=== Required action ===
Reduce the material below to its lines containing "Hoodie".

=== Source data ===
=====

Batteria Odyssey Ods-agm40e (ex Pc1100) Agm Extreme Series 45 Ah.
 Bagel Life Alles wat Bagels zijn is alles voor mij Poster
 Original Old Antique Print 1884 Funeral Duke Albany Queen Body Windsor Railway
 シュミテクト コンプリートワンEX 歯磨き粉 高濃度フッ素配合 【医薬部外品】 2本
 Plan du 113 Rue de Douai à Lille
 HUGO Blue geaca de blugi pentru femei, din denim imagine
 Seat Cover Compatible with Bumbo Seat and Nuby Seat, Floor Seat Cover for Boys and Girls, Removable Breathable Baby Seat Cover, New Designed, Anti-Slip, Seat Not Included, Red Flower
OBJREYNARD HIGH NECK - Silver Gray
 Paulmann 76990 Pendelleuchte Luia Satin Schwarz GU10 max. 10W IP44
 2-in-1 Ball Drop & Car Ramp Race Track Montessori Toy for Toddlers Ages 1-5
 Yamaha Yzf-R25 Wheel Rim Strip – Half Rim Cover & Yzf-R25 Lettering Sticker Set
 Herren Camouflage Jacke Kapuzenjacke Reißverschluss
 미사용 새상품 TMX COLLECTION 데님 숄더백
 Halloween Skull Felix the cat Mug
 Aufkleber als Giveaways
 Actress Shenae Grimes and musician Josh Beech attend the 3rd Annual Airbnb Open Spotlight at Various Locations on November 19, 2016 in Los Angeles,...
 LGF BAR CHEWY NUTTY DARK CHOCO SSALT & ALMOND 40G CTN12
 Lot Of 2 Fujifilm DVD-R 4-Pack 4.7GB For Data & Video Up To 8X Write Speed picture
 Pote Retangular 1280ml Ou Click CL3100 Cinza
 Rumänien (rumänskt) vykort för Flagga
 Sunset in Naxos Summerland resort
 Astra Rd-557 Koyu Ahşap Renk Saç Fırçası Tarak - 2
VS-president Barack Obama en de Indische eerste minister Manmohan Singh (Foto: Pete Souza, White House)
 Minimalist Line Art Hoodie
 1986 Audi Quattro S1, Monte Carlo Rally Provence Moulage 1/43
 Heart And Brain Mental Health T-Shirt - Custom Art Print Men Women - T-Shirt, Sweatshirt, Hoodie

=====

=== Answer to this problem ===
 Minimalist Line Art Hoodie
 Heart And Brain Mental Health T-Shirt - Custom Art Print Men Women - T-Shirt, Sweatshirt, Hoodie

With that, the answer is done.